Lorsqu'elle se réveilla un matin, la littérature se trouva métamorphosée en un monstrueux cafard.
Elle se regarda dans le miroir de son écran à cristaux liquides et se demanda: ces tentacules, sont-elles les pales d'un moulin à vent? Ces ailes sont-elles celles d'un sanatorium grison? Ces pattes sont-elles celles d'un promeneur biennois, d'un Taugenichts émerveillé?
Puis elle ouvrit sa boîte électronique et découvrit un message de son père: "Vains Dieux", lui disait-il, "tu vas manquer la messe".
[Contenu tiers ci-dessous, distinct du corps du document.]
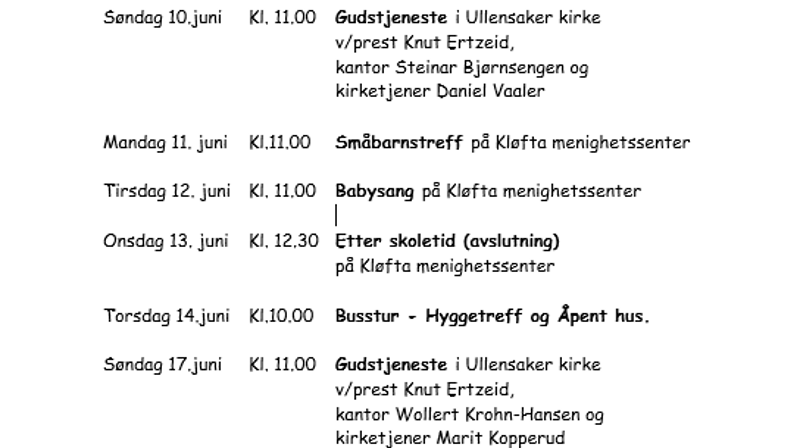 Hva skjer i Ullensaker menighet uke 24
Le bonjour matinal à Nicolas. De nos hauteurs enneigées (Cully y a juste coupé), le lac a tout à fait l'air qu'évoque la petite fille en demandant à son père pourquoi l'on l'appelle le Lac Clément...
Cher JLK
A propos de sociabilité : Vous écrivez "sous le regard de Dieu" . D'autres plumitifs préfèrent écrire "sous le regard de l'Autre". Le Premier n'a pas besoin d'exister pour être, le second (vous, moi) se doit d'exister pour être . Cependant, le meilleur d'un auteur reste dans ses écrits: tout contact avec un créateur le diminue, le ramène, peu ou prou, à la triviale condition humaine
Eh Rodrigue, mon sentiment n'est pas du tout aussi tranché que le vôtre, mais chacun ressent la présence de l'autre, avec ou sans Majuscule, selon sa culture et sa complexion personnelle, il n'y a aucune règle en la matière ni vérité dernière à ce niveau-là et tout est fort bien comme ça. De toute façon, le terme de sociabilité me semble vraiment trop étroit pour le type de relations que j'évoque en l'occurrence.